Skip to main content

Combine XPath, CSS Selector and JSONPath for Web data extracting.

Project description

license Pypi Status Python version Package version GitHub last commit Code style: black Build Status codecov

Data Extractor

Combine XPath, CSS Selector and JSONPath for Web data extracting.

Installation

pip install data-extractor

Usage

Download RSS Sample file

wget http://www.rssboard.org/files/sample-rss-2.xml

Simple Extractor

import json

from pathlib import Path

from data_extractor.item import Field, Item
from lxml.etree import fromstring


root = fromstring(Path("sample-rss-2.xml").read_text())

Using XPathExtractor to extract rss channel title

from data_extractor.lxml import XPathExtractor


XPathExtractor("//channel/title/text()").extract_first(root)
# 'Liftoff News'

Using TextCSSExtractor to extract all rss item link

from data_extractor.lxml import TextCSSExtractor


TextCSSExtractor("item>link").extract(root)
# ['http://liftoff.msfc.nasa.gov/news/2003/news-starcity.asp',
#  'http://liftoff.msfc.nasa.gov/news/2003/news-VASIMR.asp',
#  'http://liftoff.msfc.nasa.gov/news/2003/news-laundry.asp']
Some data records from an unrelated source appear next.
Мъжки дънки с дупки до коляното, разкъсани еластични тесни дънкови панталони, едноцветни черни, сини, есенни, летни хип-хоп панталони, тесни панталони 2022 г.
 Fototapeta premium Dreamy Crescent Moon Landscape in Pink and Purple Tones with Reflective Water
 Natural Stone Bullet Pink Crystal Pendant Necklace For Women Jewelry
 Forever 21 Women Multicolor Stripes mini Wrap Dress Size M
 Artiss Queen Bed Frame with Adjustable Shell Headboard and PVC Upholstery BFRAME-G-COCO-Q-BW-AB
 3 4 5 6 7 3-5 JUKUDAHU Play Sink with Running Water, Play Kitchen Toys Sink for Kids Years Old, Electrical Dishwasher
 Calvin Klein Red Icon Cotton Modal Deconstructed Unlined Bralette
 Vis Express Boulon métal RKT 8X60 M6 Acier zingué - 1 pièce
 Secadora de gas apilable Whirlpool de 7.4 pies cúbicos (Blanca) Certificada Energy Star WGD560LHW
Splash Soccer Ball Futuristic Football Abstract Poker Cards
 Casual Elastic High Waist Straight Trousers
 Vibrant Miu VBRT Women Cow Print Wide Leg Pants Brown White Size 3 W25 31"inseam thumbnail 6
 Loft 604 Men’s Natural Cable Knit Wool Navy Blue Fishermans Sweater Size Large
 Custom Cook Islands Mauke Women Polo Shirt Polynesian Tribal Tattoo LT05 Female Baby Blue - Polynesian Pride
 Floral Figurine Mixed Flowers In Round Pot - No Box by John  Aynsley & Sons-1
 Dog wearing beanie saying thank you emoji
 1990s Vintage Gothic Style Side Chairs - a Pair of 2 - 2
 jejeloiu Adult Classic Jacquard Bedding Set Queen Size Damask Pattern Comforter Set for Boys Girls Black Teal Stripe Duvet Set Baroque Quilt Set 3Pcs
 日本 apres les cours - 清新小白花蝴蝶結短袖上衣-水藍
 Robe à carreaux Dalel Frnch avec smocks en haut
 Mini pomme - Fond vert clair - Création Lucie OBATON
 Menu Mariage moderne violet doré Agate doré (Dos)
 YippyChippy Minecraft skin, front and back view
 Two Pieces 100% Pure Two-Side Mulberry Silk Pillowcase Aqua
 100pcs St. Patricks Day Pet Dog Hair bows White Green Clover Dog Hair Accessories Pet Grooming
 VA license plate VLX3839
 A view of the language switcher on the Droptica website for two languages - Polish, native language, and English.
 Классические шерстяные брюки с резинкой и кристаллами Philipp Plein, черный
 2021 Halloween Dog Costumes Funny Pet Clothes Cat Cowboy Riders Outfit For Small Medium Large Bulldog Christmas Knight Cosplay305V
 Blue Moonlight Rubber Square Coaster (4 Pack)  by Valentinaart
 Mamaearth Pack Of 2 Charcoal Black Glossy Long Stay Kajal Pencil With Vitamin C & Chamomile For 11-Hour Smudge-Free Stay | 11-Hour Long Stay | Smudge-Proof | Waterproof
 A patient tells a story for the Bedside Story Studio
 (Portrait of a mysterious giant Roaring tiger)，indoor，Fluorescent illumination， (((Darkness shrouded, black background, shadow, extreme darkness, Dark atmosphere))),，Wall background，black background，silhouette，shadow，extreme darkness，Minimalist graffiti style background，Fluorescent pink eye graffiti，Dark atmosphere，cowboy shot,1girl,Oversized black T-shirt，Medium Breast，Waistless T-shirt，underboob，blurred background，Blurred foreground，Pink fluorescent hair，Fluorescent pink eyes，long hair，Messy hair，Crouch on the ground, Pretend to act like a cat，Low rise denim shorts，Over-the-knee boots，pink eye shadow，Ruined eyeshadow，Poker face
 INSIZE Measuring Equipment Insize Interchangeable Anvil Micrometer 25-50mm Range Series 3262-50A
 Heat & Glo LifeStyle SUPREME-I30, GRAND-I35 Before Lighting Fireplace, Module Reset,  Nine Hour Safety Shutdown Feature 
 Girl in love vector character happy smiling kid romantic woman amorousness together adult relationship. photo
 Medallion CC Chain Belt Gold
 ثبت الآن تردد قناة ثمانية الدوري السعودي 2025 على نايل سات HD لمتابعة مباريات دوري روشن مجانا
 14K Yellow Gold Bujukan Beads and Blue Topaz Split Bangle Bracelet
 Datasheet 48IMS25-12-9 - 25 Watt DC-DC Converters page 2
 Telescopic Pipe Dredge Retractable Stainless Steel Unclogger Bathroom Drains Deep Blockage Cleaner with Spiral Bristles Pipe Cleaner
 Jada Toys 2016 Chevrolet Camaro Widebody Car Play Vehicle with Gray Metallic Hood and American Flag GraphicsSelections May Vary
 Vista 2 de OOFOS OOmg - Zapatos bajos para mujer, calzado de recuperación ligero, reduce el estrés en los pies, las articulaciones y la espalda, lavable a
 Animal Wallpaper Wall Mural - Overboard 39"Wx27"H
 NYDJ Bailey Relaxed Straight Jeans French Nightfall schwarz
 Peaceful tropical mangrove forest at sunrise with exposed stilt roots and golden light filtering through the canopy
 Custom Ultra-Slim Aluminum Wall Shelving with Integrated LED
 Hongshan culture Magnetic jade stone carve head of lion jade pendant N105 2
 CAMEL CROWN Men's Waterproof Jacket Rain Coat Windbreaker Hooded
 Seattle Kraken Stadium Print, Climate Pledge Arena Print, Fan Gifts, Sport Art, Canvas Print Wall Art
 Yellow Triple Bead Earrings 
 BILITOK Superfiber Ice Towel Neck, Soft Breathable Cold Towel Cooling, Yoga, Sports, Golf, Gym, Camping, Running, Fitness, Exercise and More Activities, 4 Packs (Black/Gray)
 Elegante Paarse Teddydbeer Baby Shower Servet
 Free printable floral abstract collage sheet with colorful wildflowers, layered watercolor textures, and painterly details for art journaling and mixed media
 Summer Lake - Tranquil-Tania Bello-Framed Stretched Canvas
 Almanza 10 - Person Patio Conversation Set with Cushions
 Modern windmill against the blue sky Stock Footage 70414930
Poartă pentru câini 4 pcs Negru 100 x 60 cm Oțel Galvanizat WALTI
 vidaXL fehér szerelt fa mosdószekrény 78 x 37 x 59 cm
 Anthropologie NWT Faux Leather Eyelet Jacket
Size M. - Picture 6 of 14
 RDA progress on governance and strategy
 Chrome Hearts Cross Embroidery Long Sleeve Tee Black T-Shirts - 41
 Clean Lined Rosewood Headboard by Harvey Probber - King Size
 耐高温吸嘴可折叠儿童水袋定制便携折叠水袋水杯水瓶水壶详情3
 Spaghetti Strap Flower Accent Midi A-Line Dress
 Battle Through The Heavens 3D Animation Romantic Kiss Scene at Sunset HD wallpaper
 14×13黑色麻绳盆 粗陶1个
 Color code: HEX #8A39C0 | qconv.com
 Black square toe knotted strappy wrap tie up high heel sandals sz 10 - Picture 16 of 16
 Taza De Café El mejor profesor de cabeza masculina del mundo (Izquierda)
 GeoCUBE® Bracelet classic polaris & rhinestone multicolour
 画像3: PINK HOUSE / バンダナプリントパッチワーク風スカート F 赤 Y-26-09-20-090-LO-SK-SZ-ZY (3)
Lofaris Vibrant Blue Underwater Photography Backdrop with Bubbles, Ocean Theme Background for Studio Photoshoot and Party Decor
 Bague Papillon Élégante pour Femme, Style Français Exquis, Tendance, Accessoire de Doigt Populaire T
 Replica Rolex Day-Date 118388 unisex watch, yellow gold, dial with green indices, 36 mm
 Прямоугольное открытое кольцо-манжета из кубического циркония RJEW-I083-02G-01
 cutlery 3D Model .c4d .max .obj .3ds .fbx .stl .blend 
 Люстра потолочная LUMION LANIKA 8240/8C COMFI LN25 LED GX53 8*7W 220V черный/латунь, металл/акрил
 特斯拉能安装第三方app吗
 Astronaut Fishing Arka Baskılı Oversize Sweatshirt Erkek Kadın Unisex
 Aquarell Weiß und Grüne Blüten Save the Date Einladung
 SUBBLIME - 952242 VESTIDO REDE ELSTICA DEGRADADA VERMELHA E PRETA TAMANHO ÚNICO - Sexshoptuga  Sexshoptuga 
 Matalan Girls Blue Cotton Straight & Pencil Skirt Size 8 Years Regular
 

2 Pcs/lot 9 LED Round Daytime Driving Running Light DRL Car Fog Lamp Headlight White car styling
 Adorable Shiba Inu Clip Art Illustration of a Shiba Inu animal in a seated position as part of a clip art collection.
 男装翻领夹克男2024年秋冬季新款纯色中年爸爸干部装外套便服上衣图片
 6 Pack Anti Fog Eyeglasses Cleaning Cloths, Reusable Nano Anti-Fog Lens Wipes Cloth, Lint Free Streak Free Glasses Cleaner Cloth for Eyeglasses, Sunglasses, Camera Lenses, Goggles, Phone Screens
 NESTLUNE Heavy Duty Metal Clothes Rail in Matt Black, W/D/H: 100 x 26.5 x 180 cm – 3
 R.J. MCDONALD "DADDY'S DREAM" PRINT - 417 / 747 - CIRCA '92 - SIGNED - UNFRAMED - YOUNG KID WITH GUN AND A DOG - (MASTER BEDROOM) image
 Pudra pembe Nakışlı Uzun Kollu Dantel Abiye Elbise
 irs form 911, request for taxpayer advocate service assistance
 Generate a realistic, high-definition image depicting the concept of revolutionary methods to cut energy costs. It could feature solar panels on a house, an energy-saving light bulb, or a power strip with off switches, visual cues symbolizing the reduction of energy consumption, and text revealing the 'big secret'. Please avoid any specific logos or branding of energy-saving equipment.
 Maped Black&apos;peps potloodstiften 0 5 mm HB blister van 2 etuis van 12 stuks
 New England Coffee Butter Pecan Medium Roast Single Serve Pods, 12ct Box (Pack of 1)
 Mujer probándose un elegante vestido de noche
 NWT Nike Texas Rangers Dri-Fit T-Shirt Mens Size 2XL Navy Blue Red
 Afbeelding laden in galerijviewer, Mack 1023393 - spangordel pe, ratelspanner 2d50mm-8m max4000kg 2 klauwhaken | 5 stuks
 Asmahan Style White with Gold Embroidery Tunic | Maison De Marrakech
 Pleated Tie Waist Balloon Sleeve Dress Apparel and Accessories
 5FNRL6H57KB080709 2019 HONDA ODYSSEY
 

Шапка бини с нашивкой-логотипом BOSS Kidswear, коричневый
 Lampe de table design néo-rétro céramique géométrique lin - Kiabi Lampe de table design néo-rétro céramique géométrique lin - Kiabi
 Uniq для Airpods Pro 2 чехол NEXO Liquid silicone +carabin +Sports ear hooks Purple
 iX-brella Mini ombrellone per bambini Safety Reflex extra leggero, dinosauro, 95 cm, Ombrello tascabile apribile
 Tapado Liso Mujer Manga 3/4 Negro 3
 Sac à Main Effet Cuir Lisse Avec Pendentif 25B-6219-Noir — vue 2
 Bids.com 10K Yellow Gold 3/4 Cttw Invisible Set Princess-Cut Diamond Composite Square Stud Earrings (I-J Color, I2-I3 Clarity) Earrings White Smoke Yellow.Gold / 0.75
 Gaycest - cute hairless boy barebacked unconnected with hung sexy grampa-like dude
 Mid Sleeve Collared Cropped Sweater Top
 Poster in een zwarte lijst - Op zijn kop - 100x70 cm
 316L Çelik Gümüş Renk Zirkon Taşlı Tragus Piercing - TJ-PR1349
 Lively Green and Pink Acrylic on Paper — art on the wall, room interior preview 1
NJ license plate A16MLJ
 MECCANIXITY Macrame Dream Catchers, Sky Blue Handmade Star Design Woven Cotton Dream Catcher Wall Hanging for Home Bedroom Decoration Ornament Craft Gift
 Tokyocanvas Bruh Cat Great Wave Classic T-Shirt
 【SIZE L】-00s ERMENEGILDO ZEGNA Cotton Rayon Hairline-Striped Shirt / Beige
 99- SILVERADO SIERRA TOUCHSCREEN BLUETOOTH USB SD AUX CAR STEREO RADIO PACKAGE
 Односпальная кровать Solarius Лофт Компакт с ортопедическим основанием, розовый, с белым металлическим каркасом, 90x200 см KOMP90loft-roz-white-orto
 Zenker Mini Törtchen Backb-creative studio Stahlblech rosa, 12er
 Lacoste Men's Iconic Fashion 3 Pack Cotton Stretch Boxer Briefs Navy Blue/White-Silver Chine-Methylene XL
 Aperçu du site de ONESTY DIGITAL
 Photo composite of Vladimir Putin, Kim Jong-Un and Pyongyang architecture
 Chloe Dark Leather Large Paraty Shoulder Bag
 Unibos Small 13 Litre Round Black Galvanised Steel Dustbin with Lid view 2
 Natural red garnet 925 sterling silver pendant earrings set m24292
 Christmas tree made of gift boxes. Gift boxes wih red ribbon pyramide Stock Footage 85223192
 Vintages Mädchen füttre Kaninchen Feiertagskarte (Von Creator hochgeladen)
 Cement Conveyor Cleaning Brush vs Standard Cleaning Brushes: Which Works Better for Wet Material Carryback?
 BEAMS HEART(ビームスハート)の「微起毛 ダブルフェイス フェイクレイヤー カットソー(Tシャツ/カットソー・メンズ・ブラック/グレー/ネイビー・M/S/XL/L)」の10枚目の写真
Using AttrRSSExtractor to extract rss version

from data_extractor.lxml import AttrCSSExtractor


AttrCSSExtractor("rss", attr="version").extract_first(root)
# '2.0'

Complex Extractor

Defining ChannelItem and Channel class, then extracting the data

import json

from pathlib import Path

from data_extractor.item import Field, Item
from data_extractor.lxml import XPathExtractor

from lxml.etree import fromstring


class ChannelItem(Item):
    title = Field(XPathExtractor("./title/text()"), default="")
    link = Field(XPathExtractor("./link/text()"), default="")
    description = Field(XPathExtractor("./description/text()"))
    publish_date = Field(XPathExtractor("./pubDate/text()"))
    guid = Field(XPathExtractor("./guid/text()"))

class Channel(Item):
    title = Field(XPathExtractor("./title/text()"))
    link = Field(XPathExtractor("./link/text()"))
    description = Field(XPathExtractor("./description/text()"))
    language = Field(XPathExtractor("./language/text()"))
    publish_date = Field(XPathExtractor("./pubDate/text()"))
    last_build_date = Field(XPathExtractor("./lastBuildDate/text()"))
    docs = Field(XPathExtractor("./docs/text()"))
    generator = Field(XPathExtractor("./generator/text()"))
    managing_editor = Field(XPathExtractor("./managingEditor/text()"))
    web_master = Field(XPathExtractor("./webMaster/text()"))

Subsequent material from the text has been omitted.